::: DATA PROVIDED

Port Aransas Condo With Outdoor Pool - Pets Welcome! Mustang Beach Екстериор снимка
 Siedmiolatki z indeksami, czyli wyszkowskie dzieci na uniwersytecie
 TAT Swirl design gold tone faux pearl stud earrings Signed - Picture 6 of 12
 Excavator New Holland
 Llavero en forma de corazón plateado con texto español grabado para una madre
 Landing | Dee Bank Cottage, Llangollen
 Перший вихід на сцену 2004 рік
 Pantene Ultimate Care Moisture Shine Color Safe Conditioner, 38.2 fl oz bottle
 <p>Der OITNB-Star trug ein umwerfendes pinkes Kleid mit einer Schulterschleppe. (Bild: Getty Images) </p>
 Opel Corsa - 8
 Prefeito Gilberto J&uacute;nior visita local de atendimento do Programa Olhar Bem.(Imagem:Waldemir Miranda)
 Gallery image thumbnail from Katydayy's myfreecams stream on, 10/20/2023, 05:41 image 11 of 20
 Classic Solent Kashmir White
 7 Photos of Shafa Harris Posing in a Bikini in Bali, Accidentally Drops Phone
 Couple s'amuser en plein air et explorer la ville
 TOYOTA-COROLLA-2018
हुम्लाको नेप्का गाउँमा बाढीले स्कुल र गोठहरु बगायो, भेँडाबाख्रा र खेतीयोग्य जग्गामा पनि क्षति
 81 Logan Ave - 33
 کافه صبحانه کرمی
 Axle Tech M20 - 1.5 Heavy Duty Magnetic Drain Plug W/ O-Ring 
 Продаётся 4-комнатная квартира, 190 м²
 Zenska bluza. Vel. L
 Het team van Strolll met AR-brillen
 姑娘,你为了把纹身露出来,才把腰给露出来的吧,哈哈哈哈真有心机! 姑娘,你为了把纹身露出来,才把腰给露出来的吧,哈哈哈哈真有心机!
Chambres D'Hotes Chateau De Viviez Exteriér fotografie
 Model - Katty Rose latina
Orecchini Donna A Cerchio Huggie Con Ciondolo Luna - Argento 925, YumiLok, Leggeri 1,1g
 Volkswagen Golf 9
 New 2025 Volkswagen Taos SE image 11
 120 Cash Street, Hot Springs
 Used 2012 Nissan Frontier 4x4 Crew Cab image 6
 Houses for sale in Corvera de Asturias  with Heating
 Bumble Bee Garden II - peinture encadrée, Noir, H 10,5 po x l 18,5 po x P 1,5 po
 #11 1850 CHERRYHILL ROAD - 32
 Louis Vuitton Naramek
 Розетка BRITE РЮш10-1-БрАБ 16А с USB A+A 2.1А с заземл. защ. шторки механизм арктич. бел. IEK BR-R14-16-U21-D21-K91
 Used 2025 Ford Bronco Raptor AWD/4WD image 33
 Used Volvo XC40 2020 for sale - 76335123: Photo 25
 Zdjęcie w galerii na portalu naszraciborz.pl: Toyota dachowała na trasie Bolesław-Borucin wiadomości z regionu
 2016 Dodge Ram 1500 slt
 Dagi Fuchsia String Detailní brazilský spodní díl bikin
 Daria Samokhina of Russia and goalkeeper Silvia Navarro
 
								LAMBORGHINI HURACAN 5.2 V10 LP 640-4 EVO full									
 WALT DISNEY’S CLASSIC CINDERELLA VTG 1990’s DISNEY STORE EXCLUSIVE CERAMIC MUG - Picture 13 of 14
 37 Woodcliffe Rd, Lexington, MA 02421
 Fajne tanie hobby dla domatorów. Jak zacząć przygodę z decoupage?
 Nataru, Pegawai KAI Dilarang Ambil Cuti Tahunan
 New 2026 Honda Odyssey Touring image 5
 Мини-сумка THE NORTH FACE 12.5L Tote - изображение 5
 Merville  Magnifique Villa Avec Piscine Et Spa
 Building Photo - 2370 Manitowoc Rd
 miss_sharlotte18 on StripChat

::::::

What is the number of lines in the entries above that contain the string "sale"? Reply with the number and nothing more.

- OUTPUT BELOW
2